### Task description
Repeat the data exactly. Pictures are not part of the copy.

### Information supplied
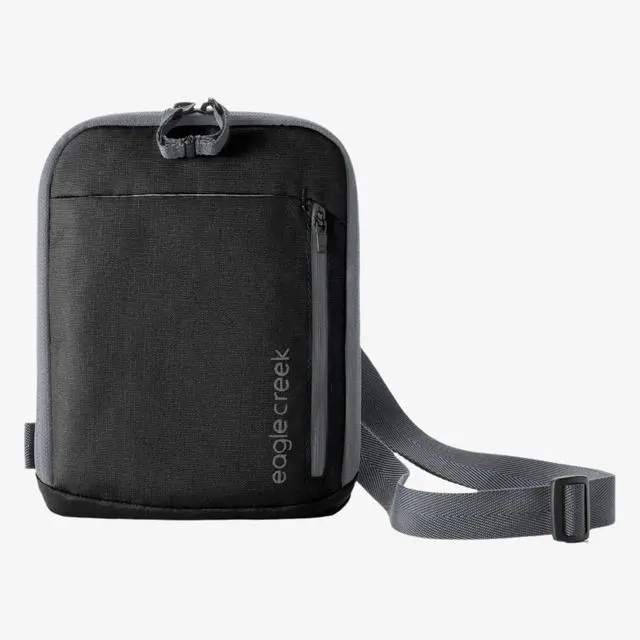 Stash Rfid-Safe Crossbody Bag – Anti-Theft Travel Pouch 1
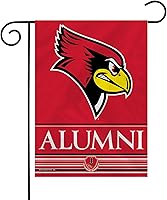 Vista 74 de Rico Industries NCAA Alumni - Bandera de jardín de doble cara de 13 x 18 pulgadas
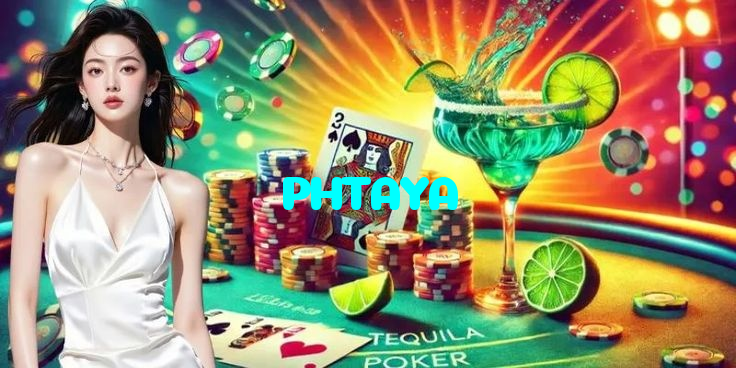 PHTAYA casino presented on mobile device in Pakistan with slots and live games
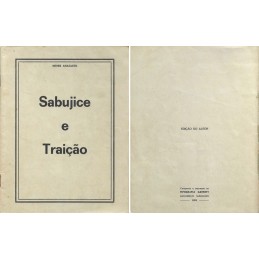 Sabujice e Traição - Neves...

### The completed task
 Stash Rfid-Safe Crossbody Bag – Anti-Theft Travel Pouch 1
 Vista 74 de Rico Industries NCAA Alumni - Bandera de jardín de doble cara de 13 x 18 pulgadas
 PHTAYA casino presented on mobile device in Pakistan with slots and live games
 Sabujice e Traição - Neves...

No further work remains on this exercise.